[1]:
%matplotlib inline
import matplotlib as mpl
import matplotlib.pyplot as plt
import numpy as np
import pandas as pd
[2]:
from sklearn.cluster import KMeans
from sklearn.metrics import adjusted_mutual_info_score
[3]:
from sklearn.datasets import make_blobs
[4]:
plt.style.use('dark_background')

Clustering

Toy example to illustrate concepts

[5]:
npts = 1000
nc = 6
X, y = make_blobs(n_samples=npts, centers=nc, random_state=0)
[6]:
plt.scatter(X[:, 0], X[:, 1], s=5, c=y,
            cmap=plt.cm.get_cmap('Accent', nc))
plt.axis('square')
pass
../_images/notebooks_B04_Clustering_7_0.png

Sometimes the structure is clearer with contours

[7]:
import seaborn as sns
[8]:
sns.kdeplot(X[:, 0], X[:, 1])
plt.axis('square');
../_images/notebooks_B04_Clustering_10_0.png

How to cluster

  1. Choose a clustering algorithm

  2. Choose the number of clusters

Using a library function

Normally, we would use a library function. The examples below are meant to illustrate how the k-means algorithm works.

[9]:
kmeans = KMeans(nc)
[10]:
z = kmeans.fit_predict(X)
centers = kmeans.cluster_centers_
[11]:
plt.scatter(X[:, 0], X[:, 1], s=5, c=z,
            cmap=plt.cm.get_cmap('Accent', nc))
plt.scatter(centers[:, 0], centers[:, 1], marker='x',
            linewidth=3, s=100, c='red')
plt.axis('square')
pass
../_images/notebooks_B04_Clustering_16_0.png

Coding from the ground up

There are many different clustering methods, but K-means is fast, scales well, and can be interpreted as a probabilistic model. We will write 3 versions of the K-means algorithm to illustrate the main concepts. The algorithm is very simple:

  1. Start with \(k\) centers with labels \(0, 1, \ldots, k-1\)

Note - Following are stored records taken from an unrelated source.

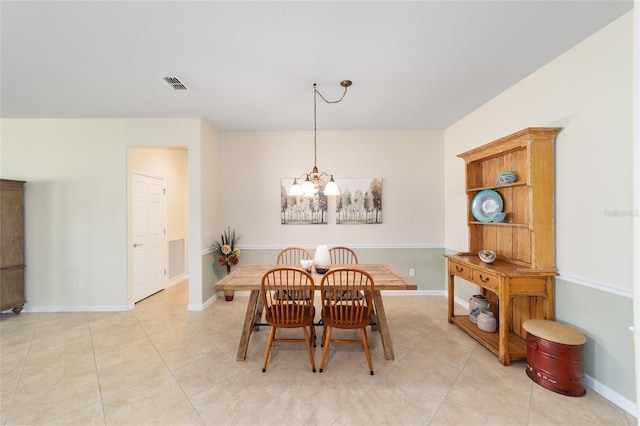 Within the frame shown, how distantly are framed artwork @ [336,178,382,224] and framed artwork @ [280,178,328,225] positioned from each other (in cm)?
27

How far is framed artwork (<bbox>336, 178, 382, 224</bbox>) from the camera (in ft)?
13.6

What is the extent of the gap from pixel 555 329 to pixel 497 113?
234 centimetres

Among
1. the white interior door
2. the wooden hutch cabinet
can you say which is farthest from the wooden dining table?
the white interior door

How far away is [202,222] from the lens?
3650 millimetres

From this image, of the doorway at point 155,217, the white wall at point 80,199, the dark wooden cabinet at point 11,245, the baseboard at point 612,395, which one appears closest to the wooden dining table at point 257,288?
the baseboard at point 612,395

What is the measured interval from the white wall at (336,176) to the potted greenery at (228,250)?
0.45ft

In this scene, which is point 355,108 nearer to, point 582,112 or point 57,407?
point 582,112

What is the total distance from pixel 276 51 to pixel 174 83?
1.28m

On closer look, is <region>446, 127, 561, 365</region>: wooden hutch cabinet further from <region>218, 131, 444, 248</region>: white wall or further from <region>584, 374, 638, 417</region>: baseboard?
<region>218, 131, 444, 248</region>: white wall

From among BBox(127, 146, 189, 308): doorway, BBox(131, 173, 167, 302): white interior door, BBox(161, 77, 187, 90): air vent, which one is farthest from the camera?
BBox(131, 173, 167, 302): white interior door

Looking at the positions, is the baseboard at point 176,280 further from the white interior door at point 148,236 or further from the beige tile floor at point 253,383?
the beige tile floor at point 253,383

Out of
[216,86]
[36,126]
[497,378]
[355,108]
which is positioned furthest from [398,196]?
[36,126]

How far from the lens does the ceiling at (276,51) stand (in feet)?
5.44

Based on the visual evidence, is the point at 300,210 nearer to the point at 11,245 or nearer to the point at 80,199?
the point at 80,199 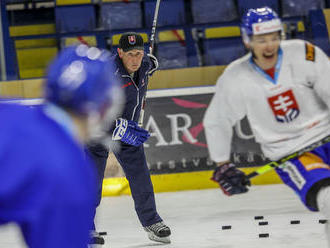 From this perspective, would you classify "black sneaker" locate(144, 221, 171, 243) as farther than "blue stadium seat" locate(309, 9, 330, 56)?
No

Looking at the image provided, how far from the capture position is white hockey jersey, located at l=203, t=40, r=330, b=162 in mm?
3404

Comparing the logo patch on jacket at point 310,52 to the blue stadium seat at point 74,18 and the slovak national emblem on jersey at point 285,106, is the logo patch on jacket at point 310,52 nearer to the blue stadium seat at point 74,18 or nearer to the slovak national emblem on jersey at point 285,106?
the slovak national emblem on jersey at point 285,106

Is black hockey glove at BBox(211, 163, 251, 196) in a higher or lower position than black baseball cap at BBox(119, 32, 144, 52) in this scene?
lower

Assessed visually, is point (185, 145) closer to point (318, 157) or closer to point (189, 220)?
point (189, 220)

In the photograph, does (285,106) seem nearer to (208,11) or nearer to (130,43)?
(130,43)

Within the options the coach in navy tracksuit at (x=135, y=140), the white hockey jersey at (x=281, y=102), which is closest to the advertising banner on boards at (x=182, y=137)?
the coach in navy tracksuit at (x=135, y=140)

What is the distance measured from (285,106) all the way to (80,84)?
1.79 m

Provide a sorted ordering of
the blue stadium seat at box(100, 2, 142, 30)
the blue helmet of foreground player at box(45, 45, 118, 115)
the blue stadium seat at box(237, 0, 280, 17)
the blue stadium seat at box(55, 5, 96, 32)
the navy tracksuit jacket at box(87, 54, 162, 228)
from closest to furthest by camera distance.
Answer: the blue helmet of foreground player at box(45, 45, 118, 115)
the navy tracksuit jacket at box(87, 54, 162, 228)
the blue stadium seat at box(237, 0, 280, 17)
the blue stadium seat at box(100, 2, 142, 30)
the blue stadium seat at box(55, 5, 96, 32)

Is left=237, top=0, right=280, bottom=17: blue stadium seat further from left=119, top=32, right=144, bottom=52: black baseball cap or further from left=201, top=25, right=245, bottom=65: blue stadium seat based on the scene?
left=119, top=32, right=144, bottom=52: black baseball cap

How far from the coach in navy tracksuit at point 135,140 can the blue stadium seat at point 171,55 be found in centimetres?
233

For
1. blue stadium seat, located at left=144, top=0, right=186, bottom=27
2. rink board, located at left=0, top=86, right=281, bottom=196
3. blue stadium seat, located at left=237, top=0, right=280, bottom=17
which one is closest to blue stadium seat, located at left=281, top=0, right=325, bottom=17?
blue stadium seat, located at left=237, top=0, right=280, bottom=17

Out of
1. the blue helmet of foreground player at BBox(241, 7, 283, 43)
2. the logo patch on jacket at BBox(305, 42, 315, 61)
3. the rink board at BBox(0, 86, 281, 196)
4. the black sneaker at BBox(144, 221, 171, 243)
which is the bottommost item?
the rink board at BBox(0, 86, 281, 196)

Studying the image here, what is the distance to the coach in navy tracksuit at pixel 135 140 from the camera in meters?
4.76

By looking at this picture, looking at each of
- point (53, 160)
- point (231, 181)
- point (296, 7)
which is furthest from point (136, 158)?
point (296, 7) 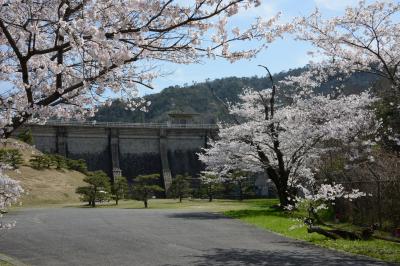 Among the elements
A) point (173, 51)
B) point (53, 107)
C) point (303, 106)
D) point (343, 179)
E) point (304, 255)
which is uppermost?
point (303, 106)

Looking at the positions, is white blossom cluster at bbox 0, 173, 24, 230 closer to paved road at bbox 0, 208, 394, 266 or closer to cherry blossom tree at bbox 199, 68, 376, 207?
paved road at bbox 0, 208, 394, 266

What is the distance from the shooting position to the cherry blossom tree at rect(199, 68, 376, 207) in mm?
19062

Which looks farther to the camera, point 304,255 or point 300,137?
point 300,137

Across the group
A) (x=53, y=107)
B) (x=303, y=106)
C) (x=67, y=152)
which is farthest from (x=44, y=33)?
(x=67, y=152)

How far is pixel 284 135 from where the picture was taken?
22.4 meters

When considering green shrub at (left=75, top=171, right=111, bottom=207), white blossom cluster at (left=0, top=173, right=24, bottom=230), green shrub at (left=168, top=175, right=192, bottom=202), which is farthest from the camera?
green shrub at (left=168, top=175, right=192, bottom=202)

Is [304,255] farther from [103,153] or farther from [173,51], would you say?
[103,153]

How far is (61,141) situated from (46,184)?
1520 cm

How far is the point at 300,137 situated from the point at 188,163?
3787 cm

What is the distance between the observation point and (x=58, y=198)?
1399 inches

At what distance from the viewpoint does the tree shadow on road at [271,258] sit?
9266 millimetres

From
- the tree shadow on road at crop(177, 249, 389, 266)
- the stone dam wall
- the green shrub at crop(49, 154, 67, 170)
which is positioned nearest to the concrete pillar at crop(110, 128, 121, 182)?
the stone dam wall

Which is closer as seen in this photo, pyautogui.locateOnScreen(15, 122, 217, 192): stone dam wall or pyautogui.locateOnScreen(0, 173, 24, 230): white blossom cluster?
pyautogui.locateOnScreen(0, 173, 24, 230): white blossom cluster

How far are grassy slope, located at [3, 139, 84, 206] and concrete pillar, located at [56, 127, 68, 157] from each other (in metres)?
9.56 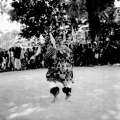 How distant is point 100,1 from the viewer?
3.05ft

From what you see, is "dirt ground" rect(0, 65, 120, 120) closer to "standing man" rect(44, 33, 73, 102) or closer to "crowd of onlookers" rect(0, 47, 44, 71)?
"standing man" rect(44, 33, 73, 102)

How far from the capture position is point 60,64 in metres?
4.70

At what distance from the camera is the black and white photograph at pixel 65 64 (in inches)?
88.9

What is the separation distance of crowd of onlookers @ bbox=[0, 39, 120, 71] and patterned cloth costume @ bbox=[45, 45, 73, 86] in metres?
8.54

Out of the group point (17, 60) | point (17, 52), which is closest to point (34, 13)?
point (17, 52)

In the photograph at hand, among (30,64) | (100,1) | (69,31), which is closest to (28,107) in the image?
(100,1)

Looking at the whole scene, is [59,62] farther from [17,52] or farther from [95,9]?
[17,52]

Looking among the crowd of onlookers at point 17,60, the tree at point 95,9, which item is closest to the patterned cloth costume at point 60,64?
the tree at point 95,9

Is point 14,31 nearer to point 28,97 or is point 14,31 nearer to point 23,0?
point 23,0

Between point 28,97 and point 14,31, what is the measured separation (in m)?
17.6

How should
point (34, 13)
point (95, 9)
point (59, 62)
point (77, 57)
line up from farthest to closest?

  2. Find the distance of each data point to each center

  3. Assign the data points nearest to a center to its label

  4. Use the mean of the points assigned to a center as the new center

  5. Repeat for a fixed number of iterations or until the centers stop changing

Note: If you want a probabilistic interpretation, just treat the final solution as a mixture of (multivariate) normal distributions. K-means is often used to initialize the fitting of full statistical mixture models, which are computationally more demanding and hence slower.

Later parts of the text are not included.